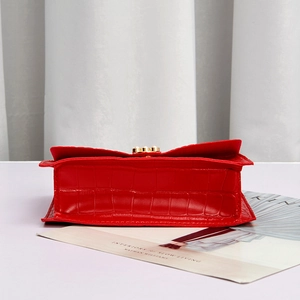 Elegant red crocodile textured square handbag with pearl chain and gold clasp detail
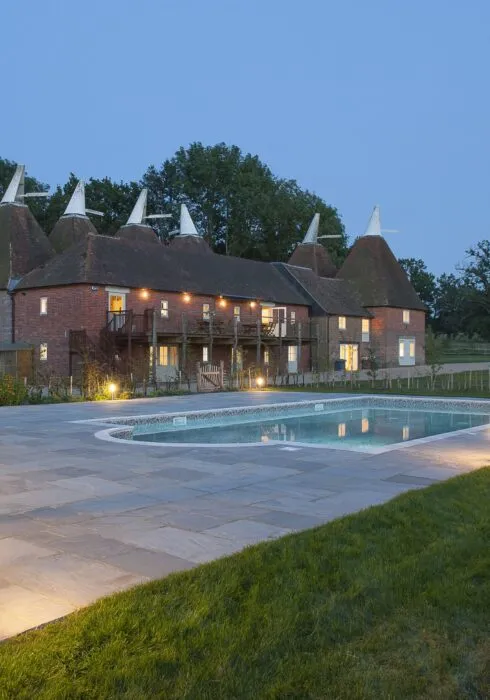 Finchcocks Oast at dusk – exterior view with swimming pool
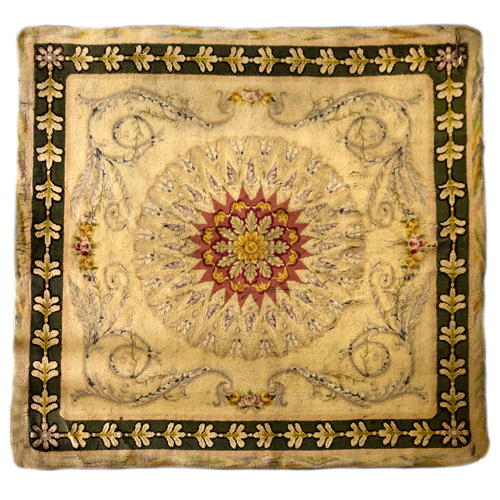 Sub.:6 - Lote: 278 - Alfombra en lana. Con rosetón central con motivo floral, circundado por roleos vegetales sobre campo beige y orla decorativa exterior oscura.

▬▬▬▬▬▬

Repeat, exactly and only, the lines from the one containing "Finchcocks Oast at" through the final line of the data, both ends included, leaving out any picture.

_WRITTEN ANSWER_
 Finchcocks Oast at dusk – exterior view with swimming pool
 Sub.:6 - Lote: 278 - Alfombra en lana. Con rosetón central con motivo floral, circundado por roleos vegetales sobre campo beige y orla decorativa exterior oscura.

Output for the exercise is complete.